喋りたくてどうしようもなくて、はき出すように語り出すというのはわからなくはない。自分だってそういう面を持っていたのだからと納得する。
「練習の後はね。なんか燃え尽きた感じ。燃料がなくなってすっからかんになった車みたいなのかな」
「そんなにハードなの」
「やってるときはそうでもないよ。かえって気持ちいし」
「ゆかりはあんまり運動とか得意じゃないから、そういう気持ちってよく分からないんだ」
「あはは。

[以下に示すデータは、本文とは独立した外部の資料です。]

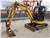 Komatsu PC30, Mini Excavators <7t (Mini Diggers), Construction Equipment
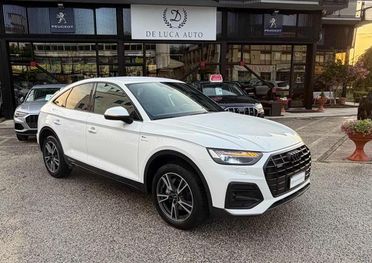 AUDI Q5 SPB 40 TDI quattro S tronic S line SC ROTTAMAZIONE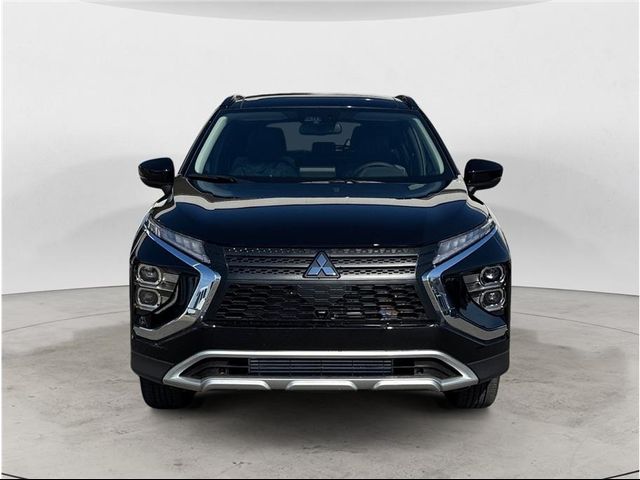 2026 Mitsubishi Eclipse Cross 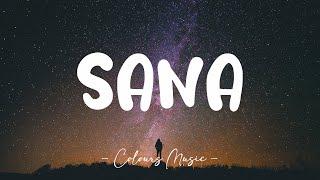 Sana - I Belong To The Zoo (Lyrics)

わたしの場合、特殊らしいんで、あんまり一般的な意見と思わないほうがいいよ」
彼女はけらけらとよく笑う。今日は本当にそんなに機嫌がいいのだろうか。
「そういえば、夜はよく散歩とかするの?」
ゆかりはふとした疑問を口にする。
「たまにね」
「これからだんだん寒くなるけど、でも今の季節はいい感じで夜風が気持ちいいよね」
少しだけひんやりとした夜風が頬を伝っていく。冬は寒すぎて嫌いだけど、寒くなる前の秋の風は大好きだとゆかりは思う。

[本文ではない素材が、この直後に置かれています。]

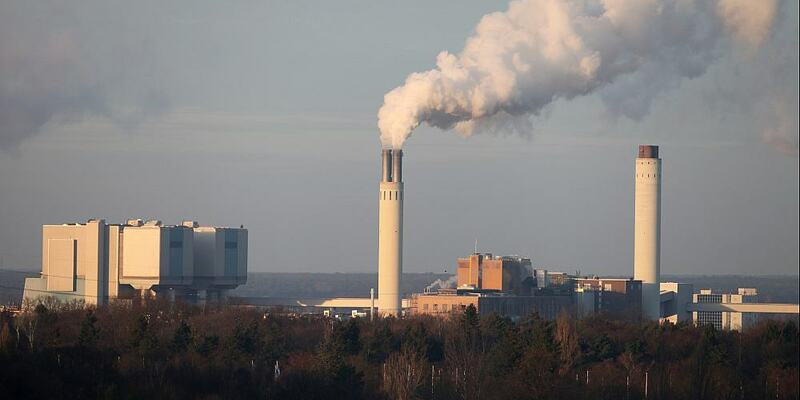 Heizkraftwerk (Archiv) - Foto: über dts Nachrichtenagentur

「そうだね。あと真夜中の空も気持ちいいよ。特に高いところから眺める空は気持ちいいね。でも高層マンションの最上階のベランダや階段の踊り場より、低くても遮蔽物のない屋上の方が好きかな」
美咲は空を仰ぐ。暗い雰囲気はない。だから、何も心配することなんてないはず。
でもそれが、ゆかりにはとても不安に感じた。
だから、なんで自分がこんな質問をしたかがわからなかった。
「川島さんは今幸せ?」
「うん。サイコーに」
なんの曇りもないような笑顔がこちらへ向く。